The history of settlement in Estone, an area of ten thousand acres, and the circumstances of its coming into single ownership, cannot now be established. For nine miles it borders the south bank of the River Tame, and elsewhere its bounds are the River Cole, Spark Brook, 'Belgrave Brook', the River Rea, Newhall Brook, the Bourne (later called Hockley or Aston Brook), and Shire Brook. This area was naturally divided into four by Aston Brook, the Rea, and Wash Brook. Each of the later manors will be studied separately, but the 1086 statistics are for the whole of Estone. It cannot be claimed that all of the other settlements were then in existence, but some certainly were. The given ploughland, about a thousand acres, is more than the whole area of Aston Manor, of which it is known that only a tenth was arable two centuries later.

There were two thousand-odd acres of wood, which left the greater part of the land, 17 square miles, presumably covered by heath and meadow. 44 tenants (heads of household) were listed, 30 villeins, 12 bordars, one serf and a priest, giving a total population of about 220, or ten persons to the square mile. There was a watermill on the Tame, one of only three within the present City bounds, the others being at Hamstead and Bromford.

Estone Mill, worth three shillings in tax annually, survived with several rebuildings for more than eight centuries. No fishery was recorded, though millweirs usually had traps for fish. The first church is assumed to have been in existence, as there was a resident priest. His spiritual lord was the Bishop of Lichfield. The only other priest hereabout was at Northfield, in Worcester Diocese.

Estone was worth £5 in annual tax, having had modest growth since the 1065 return of £4. Its lord and sitting tenant was an Anglo-Saxon, Godmund. He had held the manor as a tenant of Earl Eadwin of Mercia, whose property had been confiscated by William the Conqueror after his second rebellion. The king retained some lands, e.g. Sutton and Bromsgrove - the latter including (Kings) Norton and Moseley - but he allotted about eighty manors to his ally, Ansculf of Pecquigny.

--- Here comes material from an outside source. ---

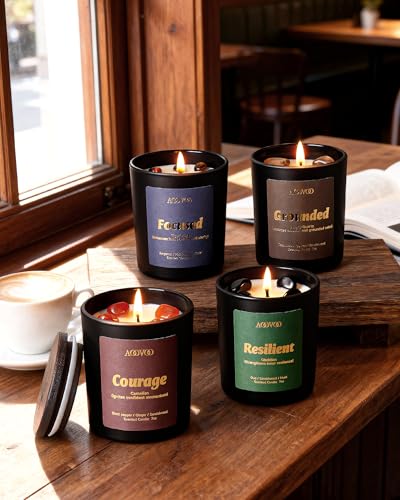 Image of AOOVOO Crystal HEAL Candles Set - 4 Pack Candles for Home Scented | Candle with Crystals, Obsidian for Resilient /Tiger's Eye for Focused /Carnelian for Courage /Smoky Quartz for Grounded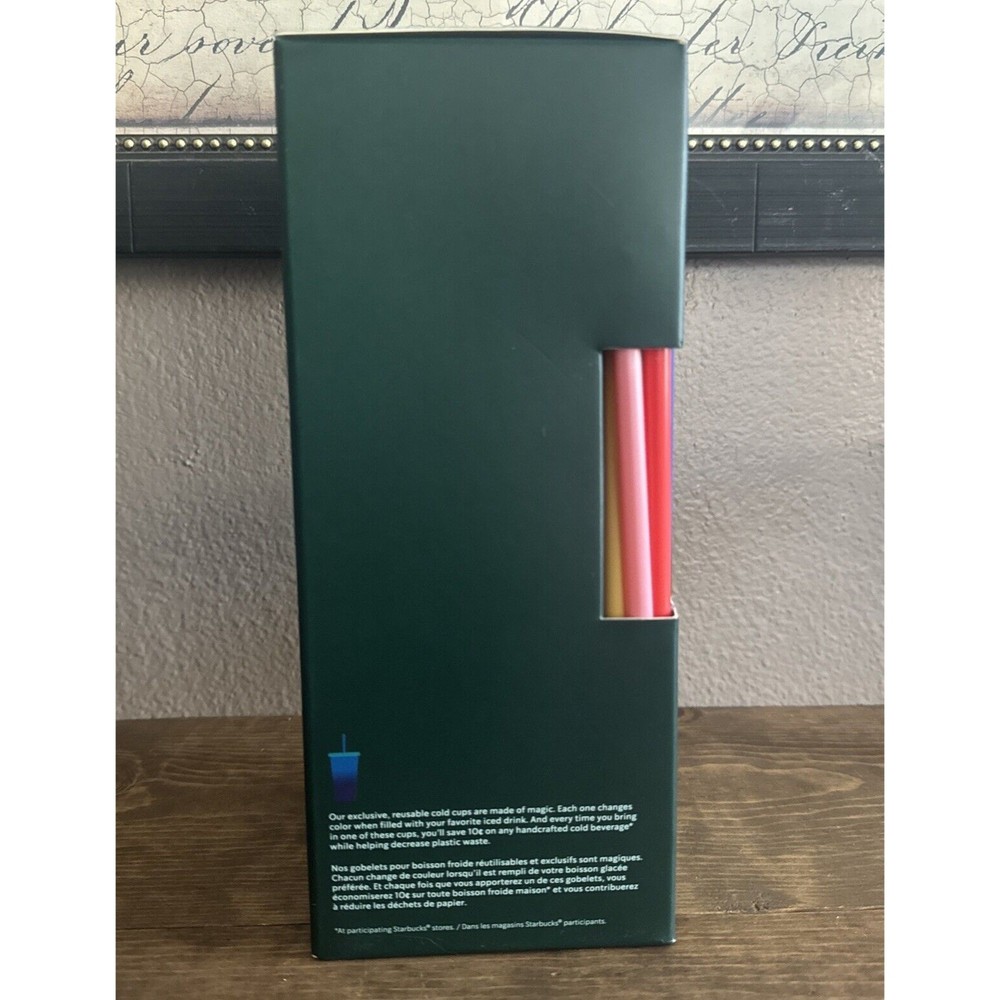 Starbucks 2020 Summer 5 Color-Changing Reusable Cold 24 Oz Cups Tumbler & Straws - Picture 4 of 6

Estone, Bermingham, Hardintone (Erdington) and Honesworde (Handsworth) were among these. By 1086, when William fitz-Ansculf was tenant-in-chief, most manors had been allotted to his father's or his own followers : this was so at Erdington, but Godmund had contrived to remain in possession of the largest of the local manors, Estone. Stannechetel had been the freeholder of Wytone (Witton), and though he retained the property he did so as a vassal of fitz-Ansculf. The Conqueror had ruled that 'every man must have a lord'.